▶ **What is expected**
For this exercise, copy the records below exactly and exclude every image.

▶ **Exercise input**
Start of Block

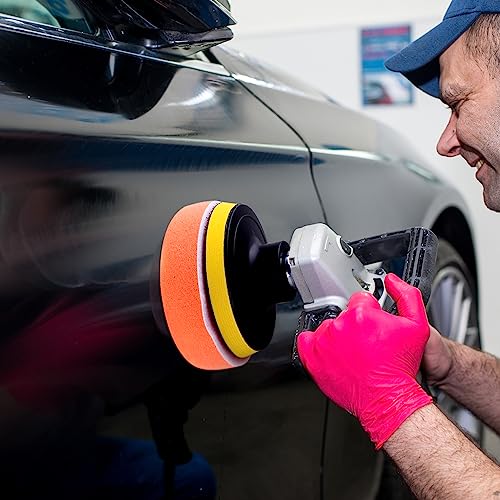 SIQUK 23 Pieces 7 Inch Buffing Pads Car Polisher Bonnets Foam Polishing Pad Kit Wax Buffer Polish Pads Car Buffer Attachment for Drill - size: 7 Inch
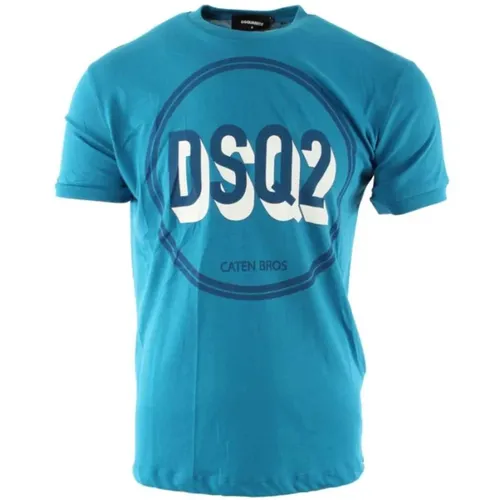 Stylisches Blaues Herren T-Shirt , Herren, Größe: S - Dsquared2 - Modalova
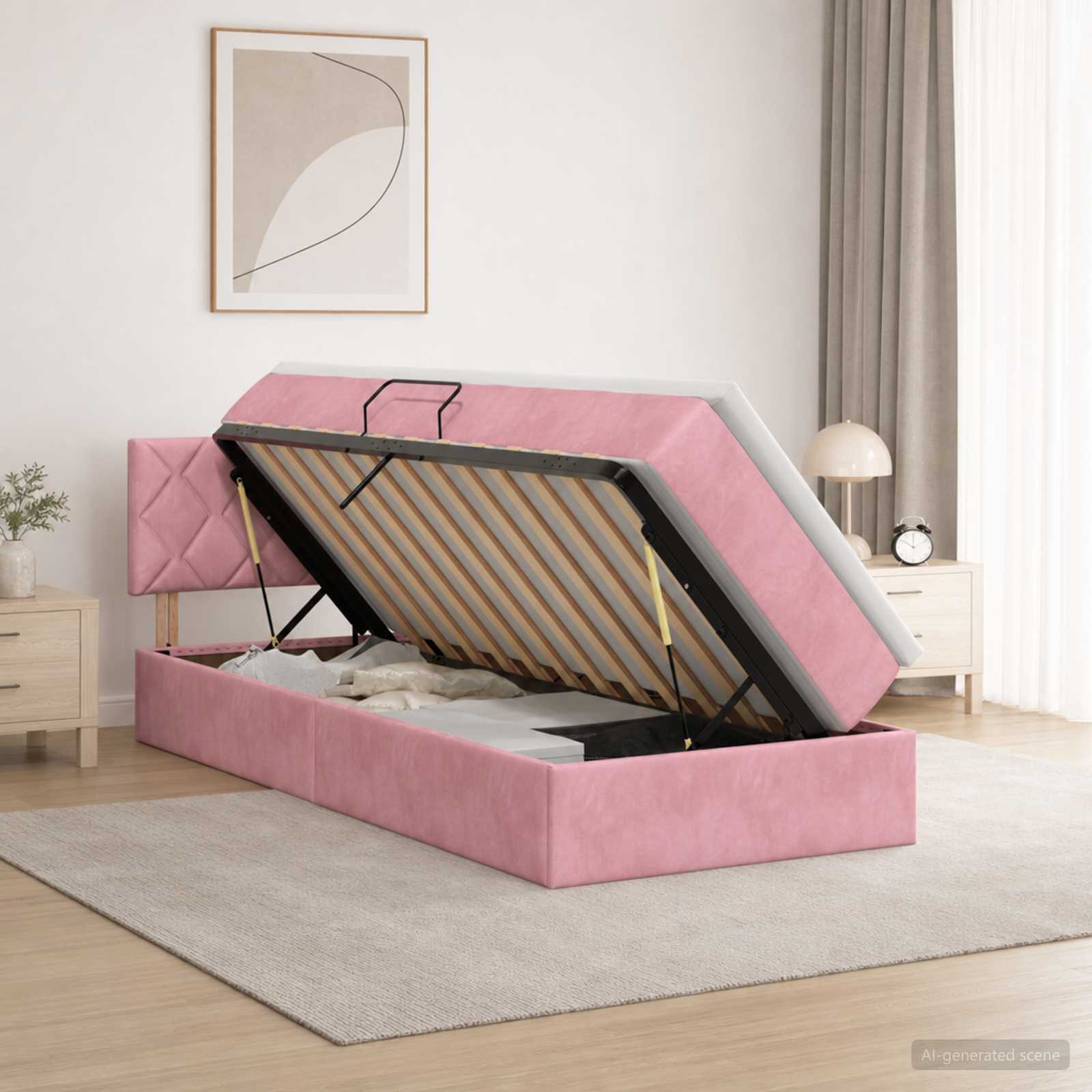 Lit de rangement LED avec matelas Rose 90 x 200 cm Velours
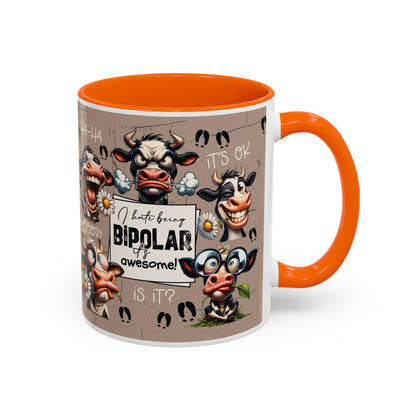 Bipolar Cow Funny Accent Coffee Mug — Humorous Mood-Flip Cow (11oz)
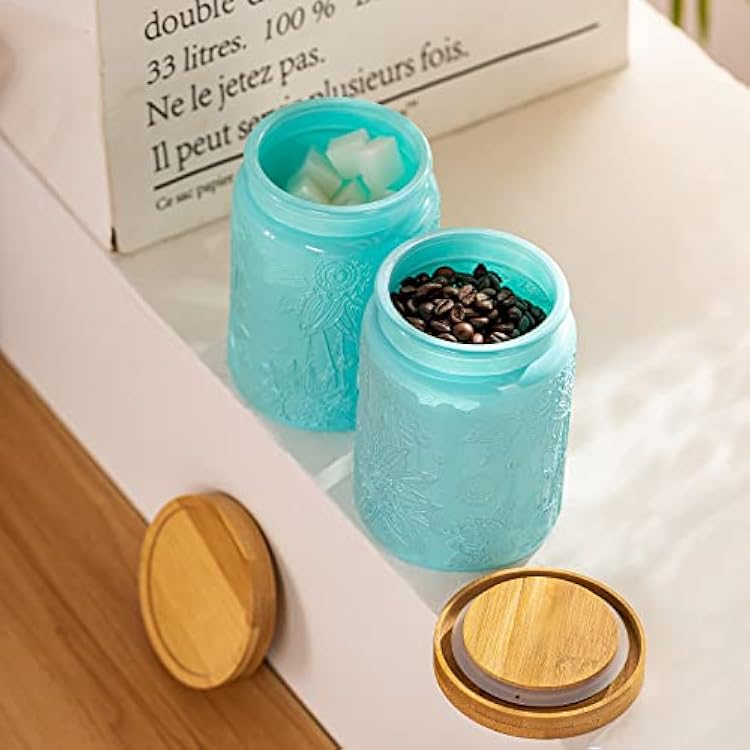 4 Pack Large Storage Jar, 25 FL OZ Food Storage Containers with Bamboo Lid, Kitchen Containers Cereal Canisters, Airtight Vintage Jar, Decorative Jar for Candy Snack Cookies Coffee Tea Nuts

End of Block

▶ **Solution to the exercise**
 SIQUK 23 Pieces 7 Inch Buffing Pads Car Polisher Bonnets Foam Polishing Pad Kit Wax Buffer Polish Pads Car Buffer Attachment for Drill - size: 7 Inch
 Stylisches Blaues Herren T-Shirt , Herren, Größe: S - Dsquared2 - Modalova
 Lit de rangement LED avec matelas Rose 90 x 200 cm Velours
 Bipolar Cow Funny Accent Coffee Mug — Humorous Mood-Flip Cow (11oz)
 4 Pack Large Storage Jar, 25 FL OZ Food Storage Containers with Bamboo Lid, Kitchen Containers Cereal Canisters, Airtight Vintage Jar, Decorative Jar for Candy Snack Cookies Coffee Tea Nuts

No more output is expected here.